Airbus Helicopters, Inc.
- Company type: Subsidiary
- Industry: Aerospace
- Founded: 1969
- Headquarters: Grand Prairie, Texas, United States
- Key people: Romain Trapp, President of Airbus Helicopters, Inc. and Head of the North America Region
- Products: Helicopters
- Number of employees: 780
- Parent: Airbus
- Website: http://airbushelicoptersinc.com

= Airbus Helicopters, Inc. =

Airbus Helicopters, Inc. (AHI) is a subsidiary of Airbus. Airbus Helicopters manufactures and markets a broad range of civil helicopters. With large facilities in Texas and Mississippi and service centers throughout the country, Airbus Helicopters, Inc. has a U.S. footprint of over 860,000 square feet (79,900 m^{2}) and controls over 50% of the U.S. market.

==History==
The company's history goes back to the now-defunct LTV Corporation. In 1968, Vought Helicopter Inc. (VHI), a subsidiary of LTV, built a facility at the Grand Prairie Municipal Airport in Grand Prairie, Texas, for the purpose of marketing helicopters to North America built by Aérospatiale, the French helicopter manufacturer. However, six years later Aérospatiale bought out VHI and took over its own marketing; two years later it changed VHI's name to Aérospatiale Helicopter Corporation (AHC). In 1980, AHC built its current Grand Prairie facility.

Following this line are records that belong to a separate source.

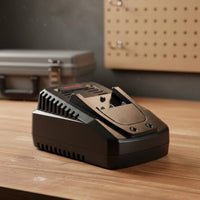 Fast Charging 14.4V 18V Charger Overcurrent Protection Lithium Ion Battery Charger for Workshop, Garage
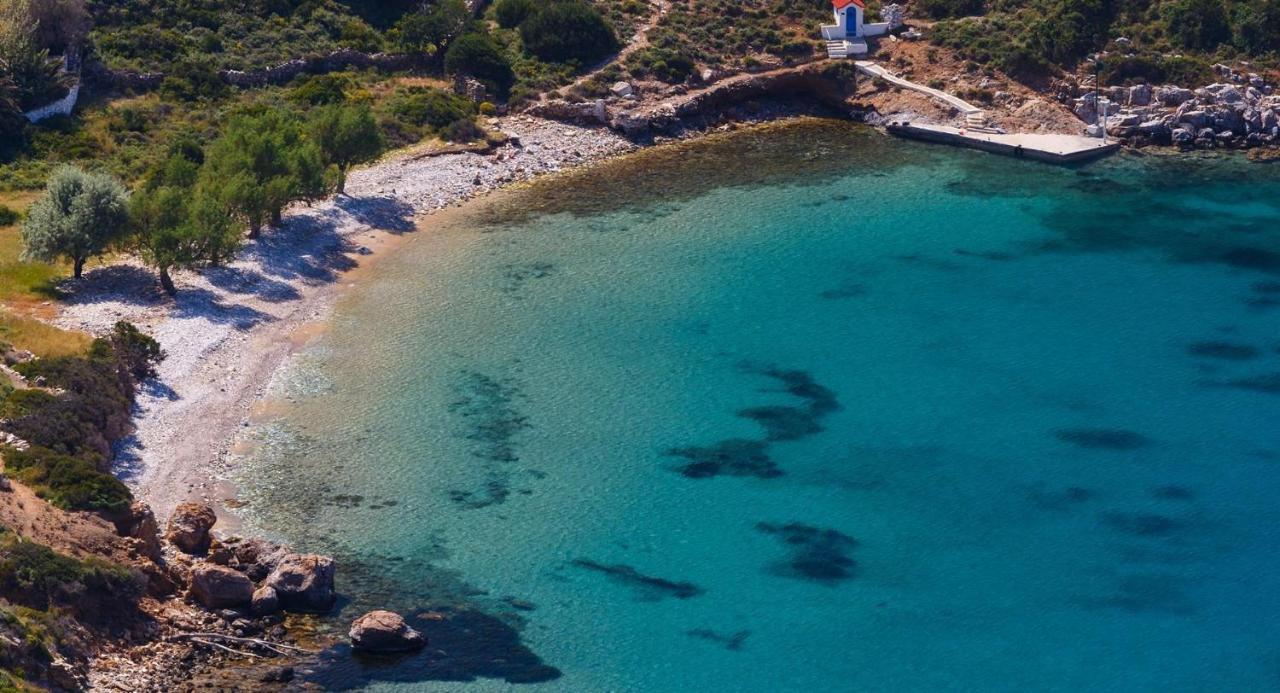 Costareli Aparthotel Fourni Ikarias Luaran gambar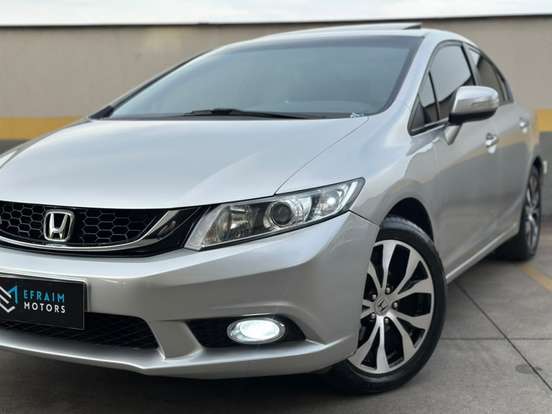 HONDA-CIVIC-1.8 EXS 16V FLEX 4P AUTOMÁTICO HONDA-CIVIC-2012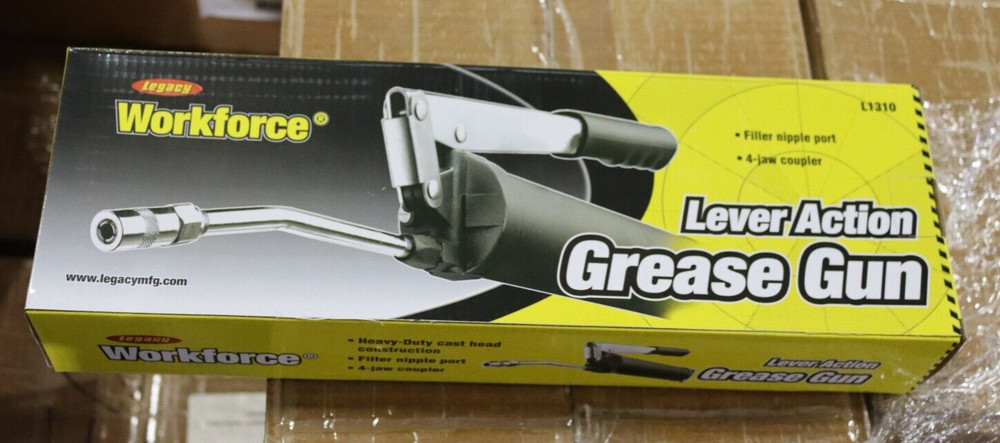 NEW Workforce L1310 Lever Grease Gun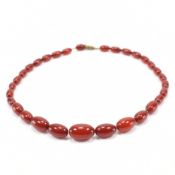 1930S ART DECO BAKELITE BEADED NECKLACE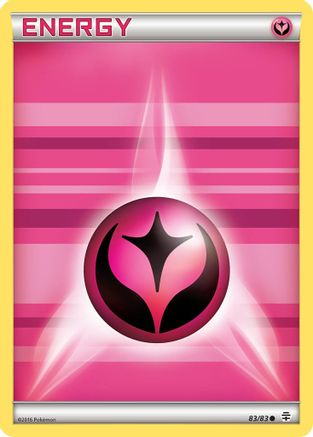 [PKM BE] Fairy Energy (83/83) [XY: Generations]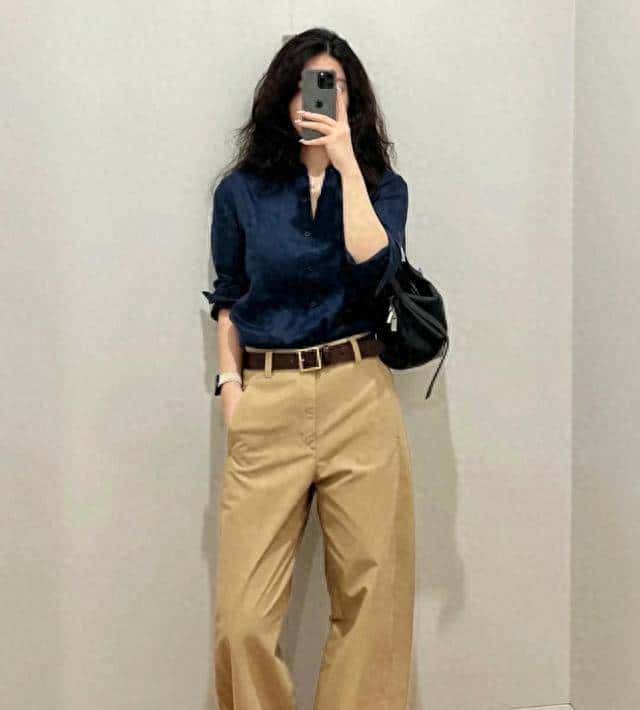 优衣库这波，把拉夫劳伦松弛感拿捏死了。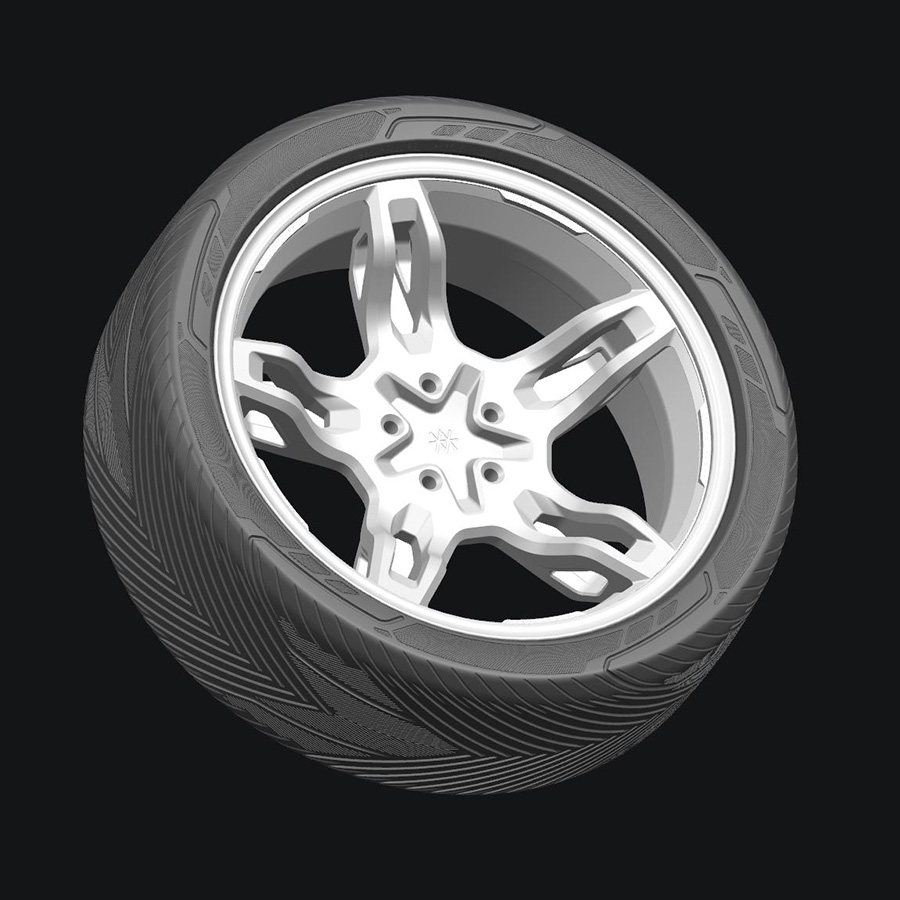 车轮wheel-1-6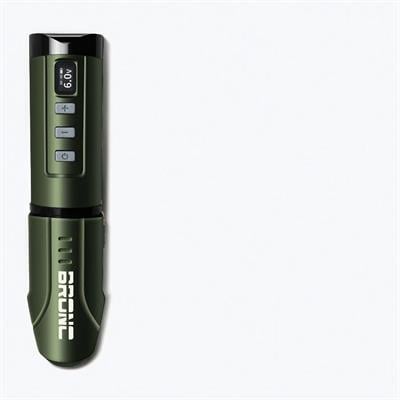 Bronc Bullet Kablosuz Pen Dövme Makinesi - Army Green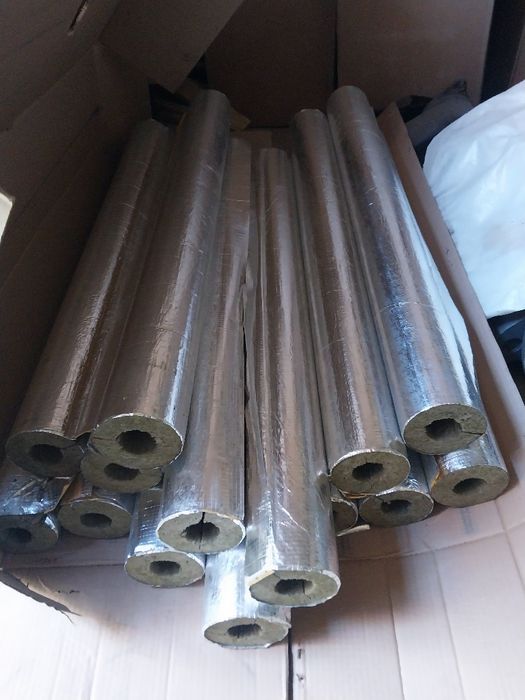 Теплоизоляция, плоские цилиндры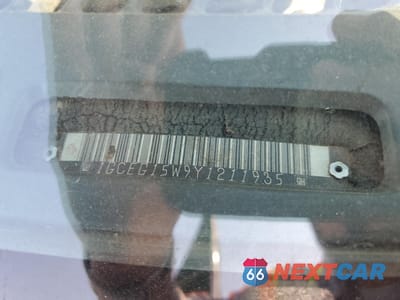 Zdjęcie 13 z 13 samochodu: 2000 CHEVROLET EXPRESS G1500 VIN:1GCEG15W9Y1211935 - miniatura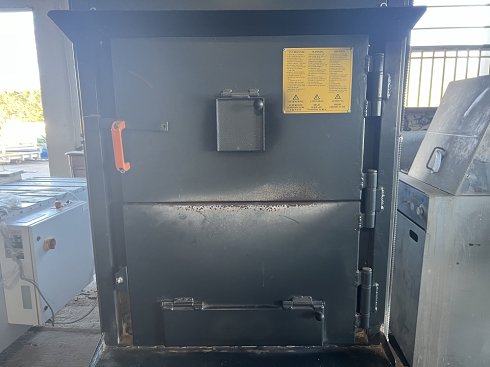 Wood boiler FABBRI F120 - C3068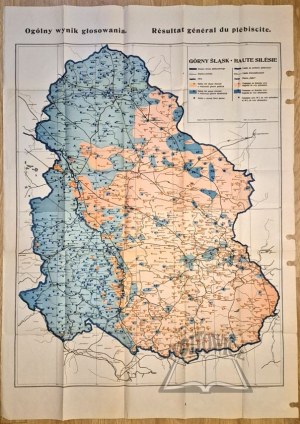 (Upper Silesia: The result of the 1921 plebiscite) 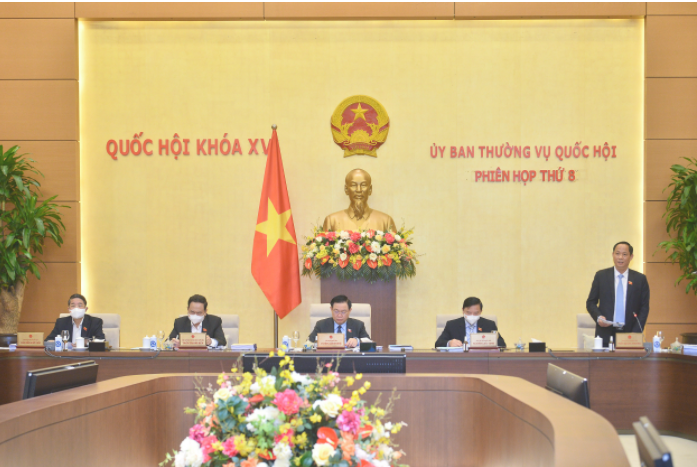 Phó Chủ tịch Quốc hội, Thượng tướng Trần Quang Phương điều hành nội dung làm việc 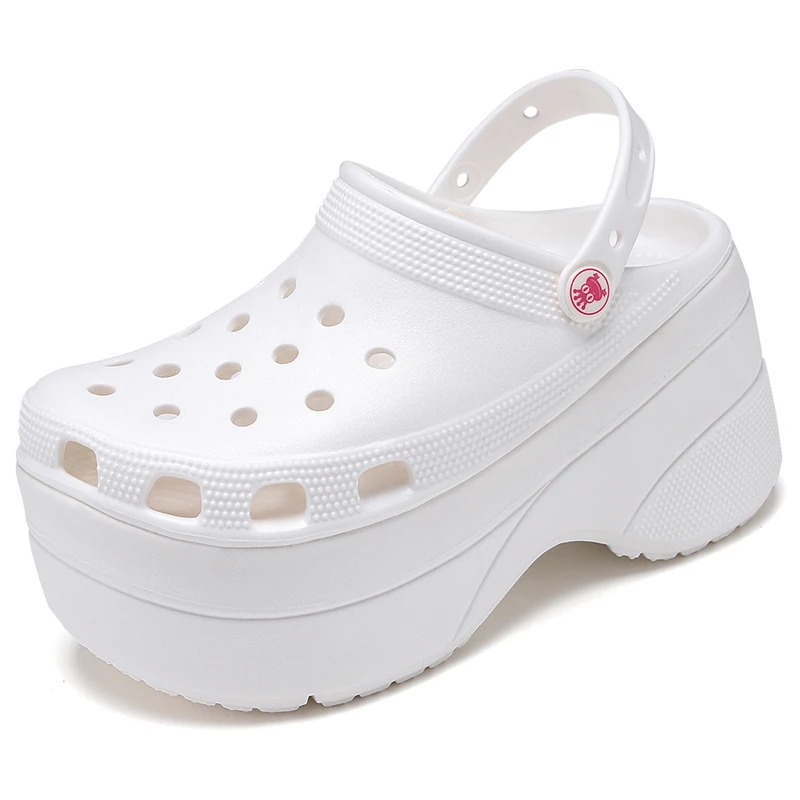 high platform crocs amazon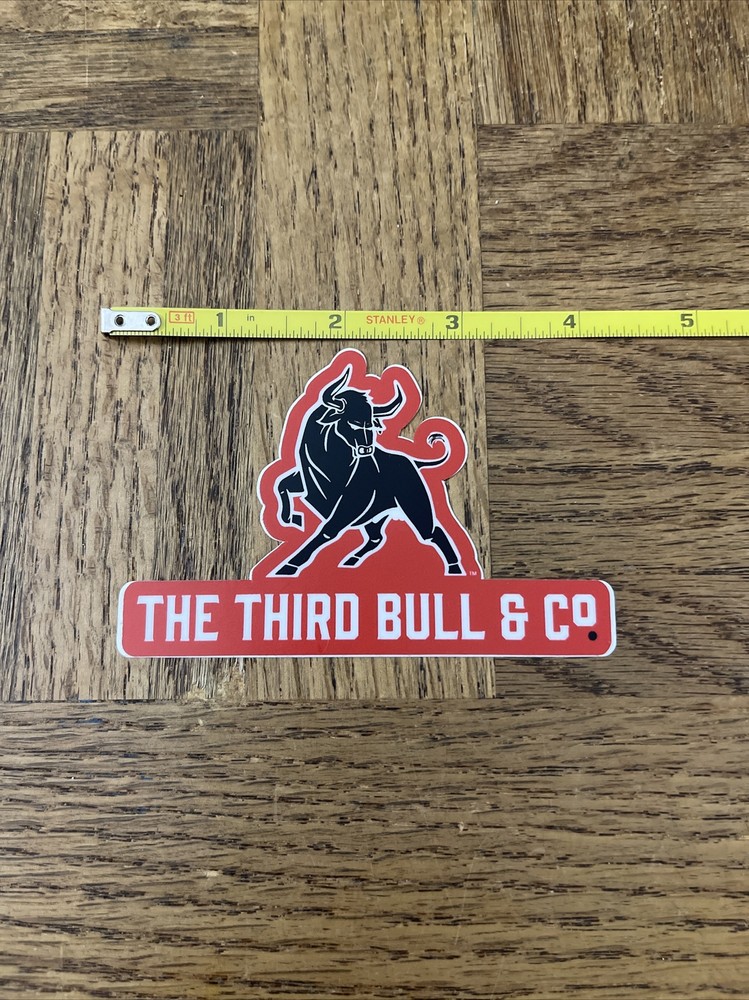 Laptop/Phone Sticker The Third Bull And Co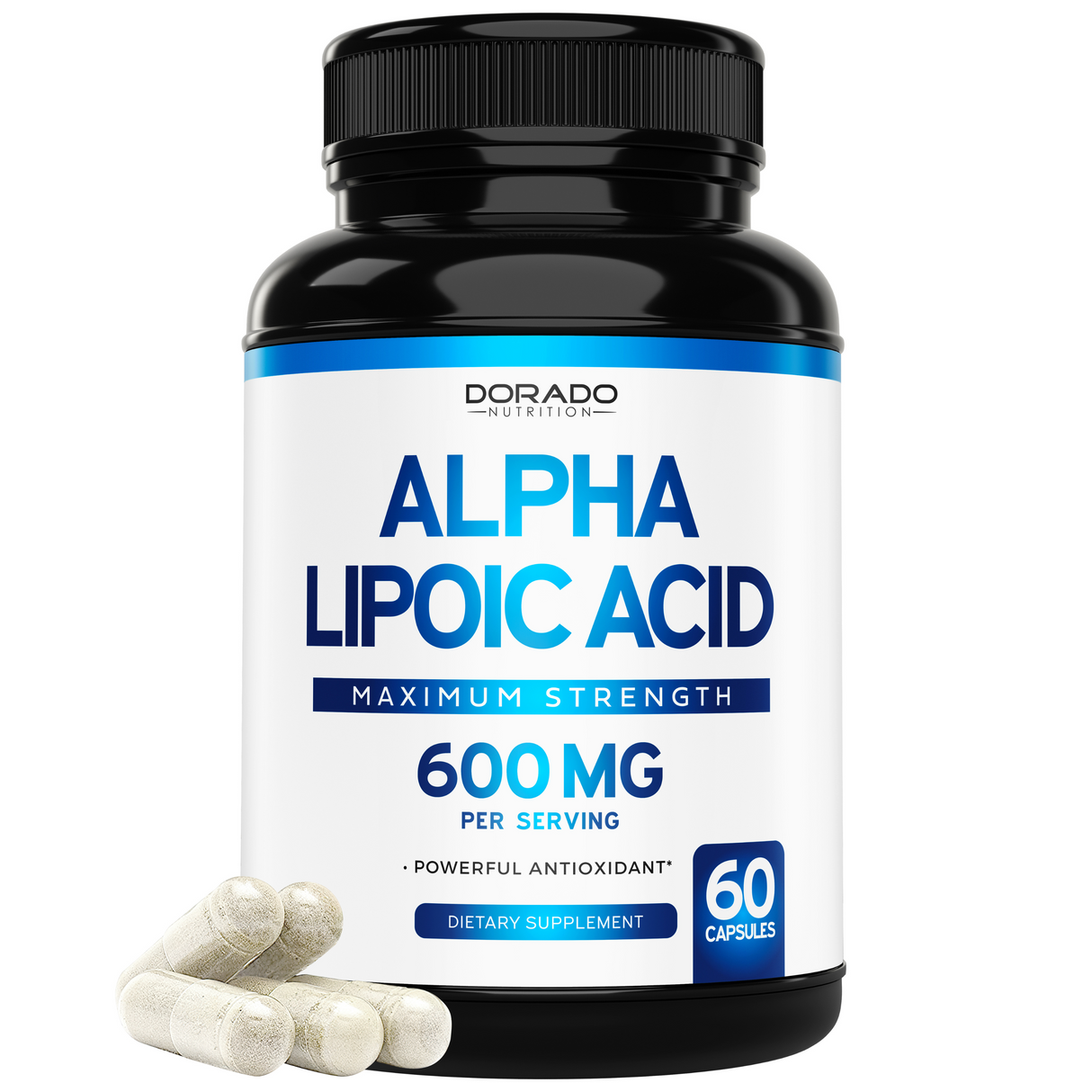 Alpha Lipoic Acid  - (60 Capsules)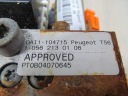 PEUGEOT 307 CC 01-08 НАСОС ГІДРАВЛІЧНА ДАХУ 10562130106  (18890721140) фото min 6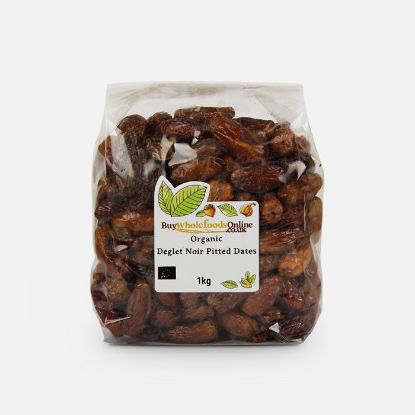 Picture of Organic Dates Pitted Deglet Noir 1kg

In 1992, DASA of Germany and Aérospatiale merged to form Eurocopter; AHC would become American Eurocopter.

In 2004, the facility in Columbus, Mississippi was opened and in 2006, became the manufacturing facility and home for the U.S. Army's UH-72A Lakota helicopter. The company was renamed Airbus Helicopters, Inc. on January 2, 2014.

==US production plants==
Airbus Helicopters produces helicopters at two production plants in the US.
- Grand Prairie, Texas
  - Grand Prairie serves as the headquarters and main facility for Airbus Helicopters. It is adjacent to Grand Prairie Municipal Airport.
  - Grand Prairie also serves as the Airbus Helicopters Training facility for North America with classrooms and full-motion simulators.
- Columbus, Mississippi
  - The recently constructed Columbus plant handles repairs, upgrades and customizations of all Airbus Helicopters models. It is located on the Golden Triangle Regional Airport.
  - The Columbus facility is also the home of the UH-72A Lakota (military EC145), the new Army helicopter.
  - Beginning in 2014, Airbus Helicopters will upgrade the Columbus Plant to a final assembly and test site for AS350 helicopters. The plant plans to produce up to 60 additional AS350 helicopters annually by 2016.